You should be able to throw in a 2.5mm stroke spacer


Sent from my iPhone using Tapatalk


----------



## schnee (Oct 15, 2005)

@BigJZ74 @socalrider77 

Excellent, thank you.


----------



## BigJZ74 (Jul 18, 2010)

schnee said:


> @BigJZ74 @socalrider77
> 
> Excellent, thank you.


Just like socalrider77 mentioned, you can add a spacer to adj travel...... and if you read post #17 in this thread you'll see that the new float X has travel adjustments that you can change without shock disassembly, only air access needed. _You may still be ok with the dpx2, but X is a great option._


----------



## schnee (Oct 15, 2005)

What did Ghandi say? 'What you do won't matter at all, but you still have to do it.'

I emailed Fox sales, pointed them to this thread, and said 'expand available stroke lengths for Float X for us Clydes plz, kthx'


----------



## schnee (Oct 15, 2005)

BigJZ74 said:


> Just like socalrider77 mentioned, you can add a spacer to adj travel...... and if you read post #17 in this thread you'll see that the new float X has travel adjustments that you cab change without shock disassembly, only air access needed. _You may still be ok with the dpx2, but X is a great option._


Float X won't fit on a Banshee Phantom. 2.5mm too long. 

(Edit, I'm wrong, look below.)


----------



## Brules (Jul 10, 2021)

I imagine they will be releasing it in more sizes over the next year I hope. Seems like the ultimate fat guy shock so it should be popular enough to increase its fitment options.


----------



## BigJZ74 (Jul 18, 2010)

schnee said:


> Float X won't fit on a Banshee Phantom. 2.5mm too long.
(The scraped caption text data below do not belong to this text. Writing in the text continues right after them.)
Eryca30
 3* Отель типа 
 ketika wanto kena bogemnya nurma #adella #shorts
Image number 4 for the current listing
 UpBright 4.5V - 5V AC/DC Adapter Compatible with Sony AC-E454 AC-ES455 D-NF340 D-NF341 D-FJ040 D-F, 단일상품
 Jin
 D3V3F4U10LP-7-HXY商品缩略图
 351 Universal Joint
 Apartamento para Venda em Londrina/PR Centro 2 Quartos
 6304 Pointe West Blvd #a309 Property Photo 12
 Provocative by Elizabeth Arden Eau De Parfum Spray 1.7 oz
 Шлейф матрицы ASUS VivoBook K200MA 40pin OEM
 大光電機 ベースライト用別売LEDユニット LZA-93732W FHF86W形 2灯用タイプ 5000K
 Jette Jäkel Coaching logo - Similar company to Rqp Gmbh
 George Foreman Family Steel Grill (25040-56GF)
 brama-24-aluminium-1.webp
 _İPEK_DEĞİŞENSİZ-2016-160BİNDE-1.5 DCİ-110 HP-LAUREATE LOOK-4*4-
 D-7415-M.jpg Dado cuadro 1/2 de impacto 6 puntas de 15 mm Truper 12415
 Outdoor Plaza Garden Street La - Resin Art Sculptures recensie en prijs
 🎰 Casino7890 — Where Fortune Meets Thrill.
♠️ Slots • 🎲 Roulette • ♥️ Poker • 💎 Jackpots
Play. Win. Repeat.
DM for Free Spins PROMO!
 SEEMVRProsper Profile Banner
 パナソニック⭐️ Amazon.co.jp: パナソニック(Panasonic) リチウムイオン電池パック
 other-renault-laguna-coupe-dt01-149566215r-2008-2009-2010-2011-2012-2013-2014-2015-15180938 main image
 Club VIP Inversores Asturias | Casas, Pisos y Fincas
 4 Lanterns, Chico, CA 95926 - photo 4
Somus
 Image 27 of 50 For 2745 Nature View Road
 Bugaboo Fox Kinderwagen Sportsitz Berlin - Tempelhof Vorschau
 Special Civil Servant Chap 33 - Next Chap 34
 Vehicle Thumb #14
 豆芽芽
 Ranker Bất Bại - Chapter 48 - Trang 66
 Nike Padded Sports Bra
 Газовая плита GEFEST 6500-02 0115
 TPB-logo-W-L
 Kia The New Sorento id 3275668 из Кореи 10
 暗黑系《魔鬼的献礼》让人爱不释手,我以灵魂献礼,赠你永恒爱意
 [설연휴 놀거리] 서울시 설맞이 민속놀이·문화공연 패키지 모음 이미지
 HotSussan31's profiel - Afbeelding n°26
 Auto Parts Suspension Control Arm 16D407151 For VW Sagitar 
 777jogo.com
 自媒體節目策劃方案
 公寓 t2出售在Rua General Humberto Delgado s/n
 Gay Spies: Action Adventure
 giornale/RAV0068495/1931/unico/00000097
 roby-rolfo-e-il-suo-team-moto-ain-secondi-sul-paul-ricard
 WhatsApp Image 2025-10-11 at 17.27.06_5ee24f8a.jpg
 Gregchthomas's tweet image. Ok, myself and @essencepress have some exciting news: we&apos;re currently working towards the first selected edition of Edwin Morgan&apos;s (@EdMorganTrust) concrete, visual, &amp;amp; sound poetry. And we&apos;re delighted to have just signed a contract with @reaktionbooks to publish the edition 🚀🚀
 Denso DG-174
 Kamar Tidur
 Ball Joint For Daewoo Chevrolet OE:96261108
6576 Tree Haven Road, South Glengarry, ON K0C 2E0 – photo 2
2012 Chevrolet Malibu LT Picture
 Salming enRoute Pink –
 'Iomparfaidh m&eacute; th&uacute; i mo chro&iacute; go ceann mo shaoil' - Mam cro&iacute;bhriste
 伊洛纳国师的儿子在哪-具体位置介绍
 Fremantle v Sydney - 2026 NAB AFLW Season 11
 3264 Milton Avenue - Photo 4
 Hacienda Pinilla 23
52.5 is stroke, 185 is the E2E measurement. 185x50 and 185x52.5 are the same length shock but one has 2.5mm more travel. With the float X you can reduce the 52.5 down to 50mm by the spacers mentioned in post #17


----------



## schnee (Oct 15, 2005)

BigJZ74 said:


> 52.5 is stroke, 185 is the E2E measurement. 185x50 and 185x52.5 are the same length shock but one has 2.5mm more travel. With the float X you can reduce the 52.5 down to 50mm by the spacers mentioned in post #17


Oh, my bad, I glanced over it and completely misunderstood what the illustration was about - I assumed it was for volume tokens. That's what I get for multi-tasking.

So, it's a bit like a Pike - easily adjustable between travel lengths with some internal swapping. That's *cool*.

Good to know, thanks.

--

Edit: they need to be more informative about that in their materials. I had no idea by looking at the site, and it's a huge selling point.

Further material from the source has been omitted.